_PROVIDED DATA:_
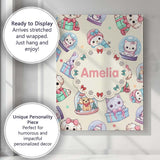 Personalised Name Cute Kittens Puppies Snow Custom  Bespoke Interior Contemporary Canvas Wall Art Print Decor Picture Ready to Hang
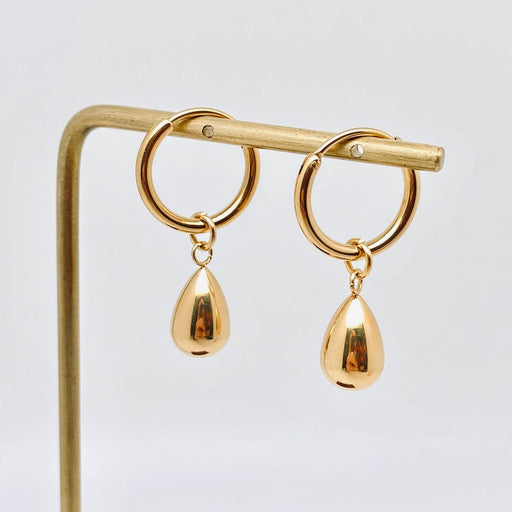 Teardrop 18k Gold Plated Stainless Steel Huggie Earrings-FGS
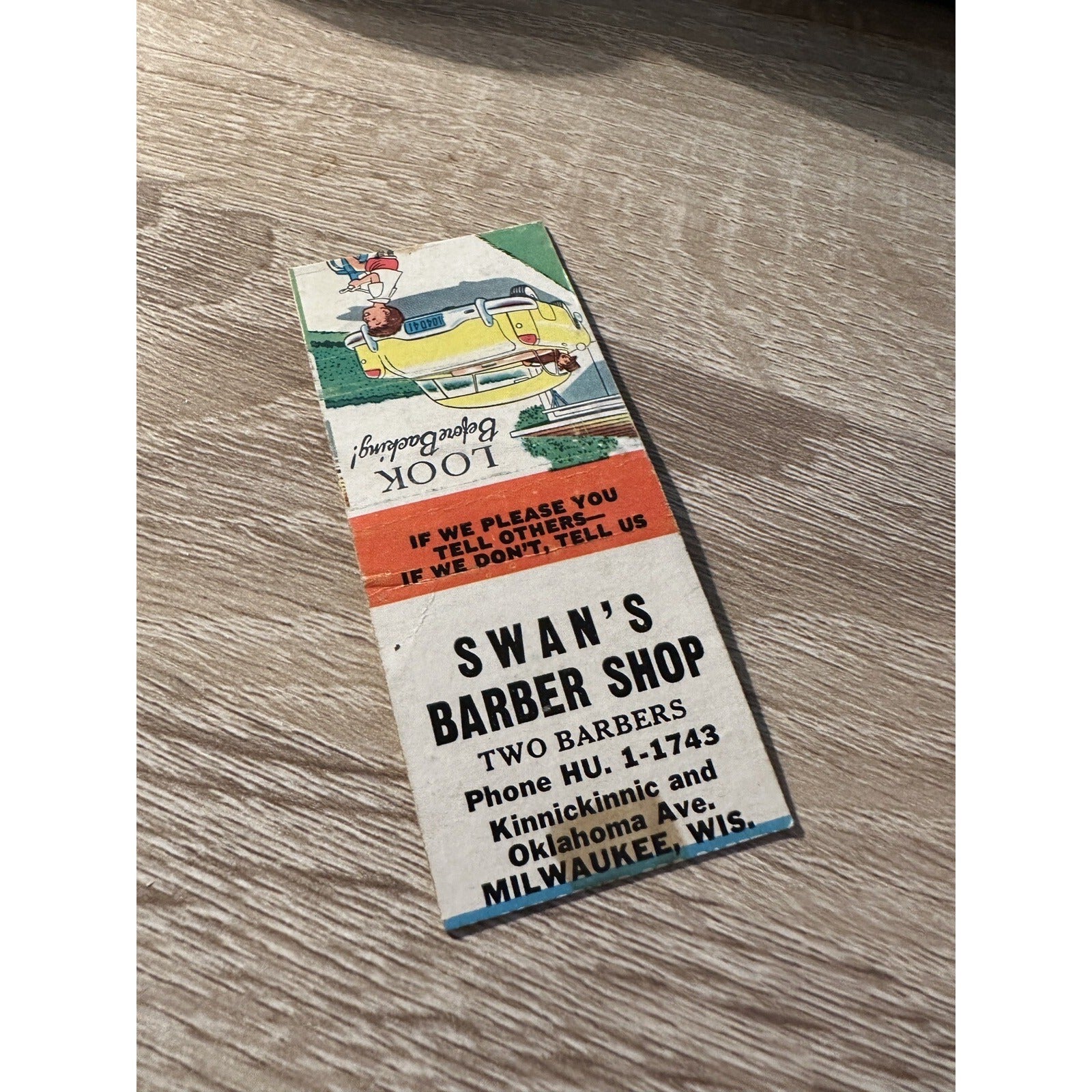 Vintage Swan's Barber Shop Milwaukee Wisconsin Advertising Matchbook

_PROBLEM STATEMENT:_ Could you repeat all of the material exactly? Pictures should not be copied.

_SOLUTION:_
 Personalised Name Cute Kittens Puppies Snow Custom  Bespoke Interior Contemporary Canvas Wall Art Print Decor Picture Ready to Hang
 Teardrop 18k Gold Plated Stainless Steel Huggie Earrings-FGS
 Vintage Swan's Barber Shop Milwaukee Wisconsin Advertising Matchbook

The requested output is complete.